Ah, Paris. Mysterious artifacts, source of globe-trotting adventure, romantic bickering and... fart jokes? Move over George and Nico – Demetrios: The BIG Cynical Adventure is coming through, with a foul mouth and a serious case of Broken Sword envy. That's not to say the debut release from indie developer Cowcat is just lazy pastiche, though: underneath it all there's an unexpectedly well-constructed story. The characters may not be that likable, and the humour definitely won't be to everyone's taste, but there's ample meat to get your puzzling teeth into and twists and turns aplenty in this lengthy tale.
Bjorn Thonen is (despite the name) a Paris native and occasional antique dealer. "Occasional" both in the sense that business is slow and that his wares are rarely the antiques he claims they are. Bjorn is (let's be honest) a happy-go-lucky slacker who's perfectly content to snap up an ancient bird statue of unknown provenance for 20 euros, no questions asked. Even a strange phone call warning him of grave danger ahead doesn't faze him. At least, not until burglars break into his apartment, knock him out, and steal a tablet the bird was holding. (Not to mention his wallet, but there's rarely much in there other than moths.)

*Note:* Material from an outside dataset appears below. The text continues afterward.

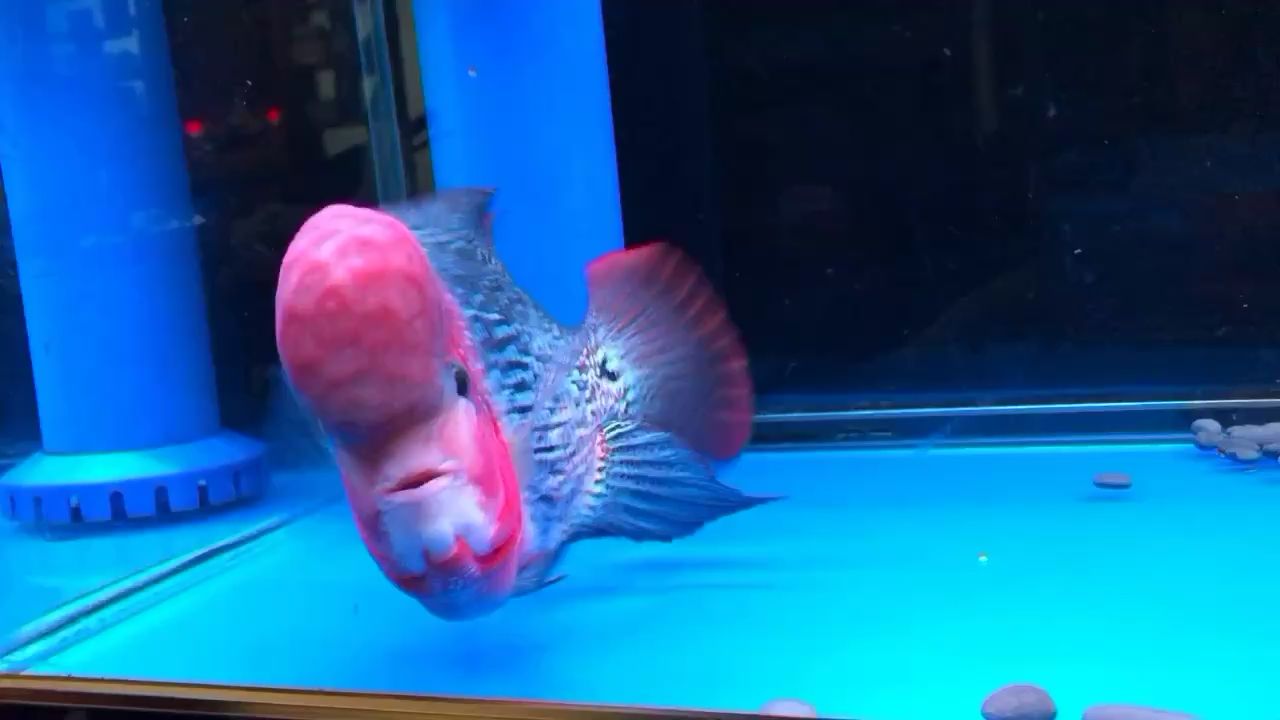 荊州水族館更新一下 BD魟魚 第2張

When the police don't bat an eyelash, despite the discovery that a similar tablet has just been stolen in Belgium, the usually shiftless Bjorn is spurred into action. Naturally, there's more going on here than a couple of simple robberies, and he soon finds himself drawn deeper into a plot revolving around Demetrios, ancient king of the tiny forgotten nation of Nogo. Along the way, he stumbles across alien artifacts, clones, and a temple that has been lost to the desert for centuries. He winds up impersonating a police officer, playing pinball on a tombstone, brewing potions and (briefly) moonlighting as a hired assassin, all in the name of saving the world. Or maybe it has more to do with the prospect of an unimaginably vast treasure hoard.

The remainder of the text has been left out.